While nice and ionice on Linux and other platform specific tooling can be used to limit the priority of processes it may be desired to further limit resource use. One example is when running on AWS instances with a burst balance for IO, which might be consumed by running this tool leading to a negative impact on other processes running on that instance.

--directories-per-second-rate-limit and --archives-per-second-rate-limit limit how quickly directories will be traversed and how quickly archives will be processed.

Obfuscation detection

For partial bytecode matching we apply a heuristic for whether a Jar is obfuscated. This is because the partial matching is expensive to apply and as such running it on every matching Jar on a system may not be feasible.

The heuristic used is that both the average package name length and class name length need to be below a certain value for a Jar to be considered obfuscated. By default this is 3. You can tune these values using --maximum-average-obfuscated-class-name-length and --maximum-average-obfuscated-package-name-length.

If you wish to turn off obfuscation detection entirely then --enable-obfuscation-detection can be used. If instead you wish to apply partial matching to all Jars, regardless of whether they appear obfuscated, then you can use --enable-partial-matching-on-all-classes.

CVE-2021-45105 and CVE-2021-44832

If you do not wish to report results for CVE-2021-45105 or CVE-2021-44832 then pass the --disable-cve-2021-45105-detection or --disable-cve-2021-44832-detection flags to the crawl command.

By default, both CVE-2021-45046 and CVE-2021-45105 will be reported.

Examples

Running on Linux against the entire filesystem at a low priority:

ionice -c 3 nice -n 19 log4j-sniffer crawl / --ignore-dir "^/dev" --ignore-dir "^/proc"

Running against a specific Jar with all limits removed:

log4j-sniffer crawl jar-under-suspicion.jar --enable-partial-matching-on-all-classes --nested-archive-max-depth 255 --nested-archive-max-size 5242880000

Delete command

Most of the flags are shared with the crawl command and so it is recommended that delete be run using configuration that is known to not negatively impact performance of a host.

Delete files containing log4j vulnerabilities.

Crawl the file system from root, detecting files containing log4j-vulnerabilities and deleting them if they meet certain requirements determined by the command flags.
Root must be provided and can be a single file or directory.

Dry-run mode is enabled by default, where a line will be output to state where a file would be deleted when running not in dry run mode.
It is recommended to run using dry-run mode enabled, checking the logged output and then running with dry-run disabled using the same configuration flags.
Use --dry-run=false to turn off dry-run mode, enabling deletes.

When used on windows, deleting based on file ownership is unsupported and skip-owner-check should be used instead of filepath-owner.

Usage:
  log4j-sniffer delete <root> [flags]

Examples:
Delete all findings nested beneath /path/to/dir that are owned by foo and contain findings that match both classFileMd5 and jarFileObfuscated.

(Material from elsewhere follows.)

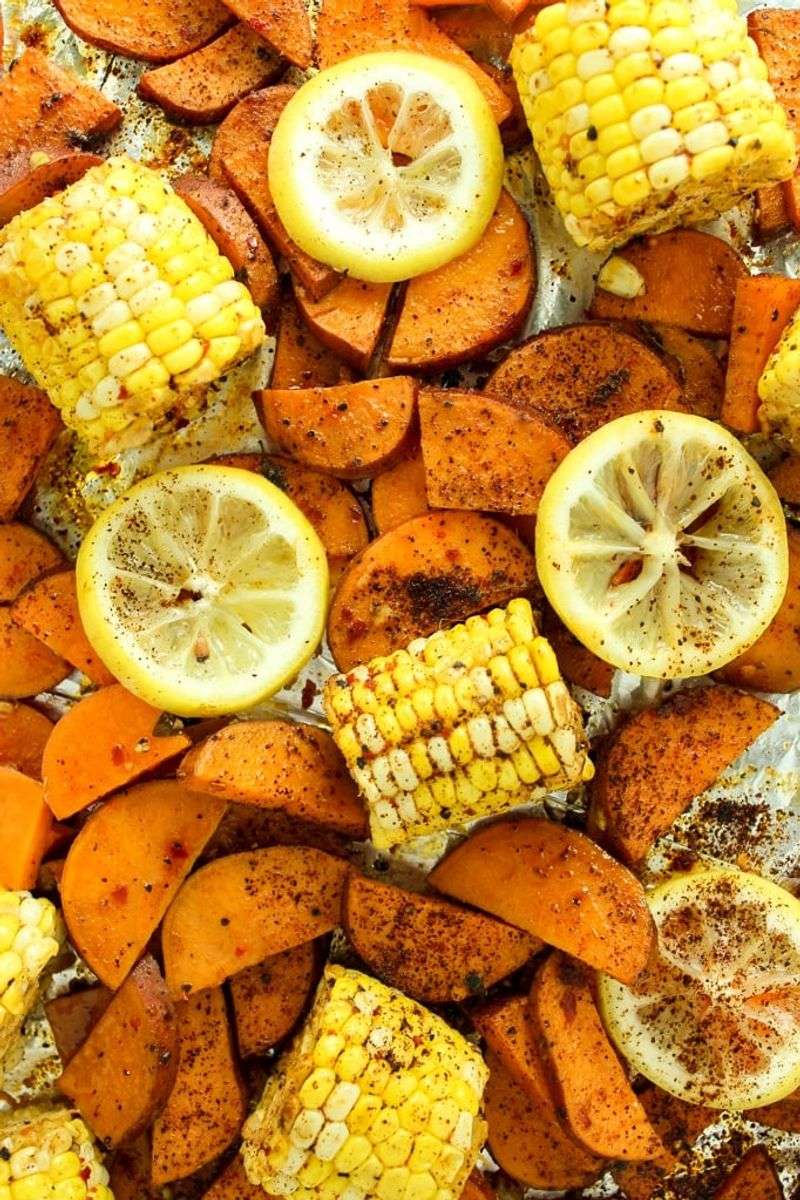 Cajun Roasted Sweet Potato and Corn Bake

log4j-sniffer delete /path/to/dir --dry-run=false --filepath-owner ^/path/to/dir/.*:foo --finding-match classFileMd5 --finding-match jarFileObfuscated

Flags:
      --archive-open-mode string                             Supported values:
                                                               standard - standard file opening will be used. This may cause the filesystem cache to be populated with reads from the archive opens.
                                                               directio - direct I/O will be used when opening archives that require sequential reading of their content without being able to skip to file tables at known locations within the file.
                                                                          For example, "directio" can have an effect on the way that tar-based archives are read but will have no effect on zip-based archives.
                                                                          Using "directio" will cause the filesystem cache to be skipped where possible. "directio" is not supported on tmpfs filesystems and will cause tmpfs archive files to report an error. (default "standard")
      --archives-per-second-rate-limit int                   The maximum number of archives to scan per second. 0 for unlimited.
      --directories-per-second-rate-limit int                The maximum number of directories to crawl per second. 0 for unlimited.
      --disable-cve-2021-44832-detection                     Disable detection of CVE-2021-44832 in versions up to 2.17.0
      --disable-cve-2021-45105-detection                     Disable detection of CVE-2021-45105 in versions up to 2.16.0
      --dry-run                                              When true, a line with be output instead of deleting a file. Use --dry-run=false to enable deletion. (default true)
      --enable-obfuscation-detection                         Enable applying partial bytecode matching to Jars that appear to be obfuscated. (default true)
      --enable-partial-matching-on-all-classes               Enable partial bytecode matching to all class files found.
      --enable-trace-logging                                 Enables trace logging whilst crawling. disable-detailed-findings must be set to false (the default value) for this flag to have an effect.
      --filepath-owner strings                               Provide a filepath pattern and owner template that will be used to check whether a file should be deleted or not when it is deemed to be vulnerable.
                                                             Multiple values can be provided and values must be provided in the form filepath_pattern:owner_template, where a filepath pattern and owner template are colon separated.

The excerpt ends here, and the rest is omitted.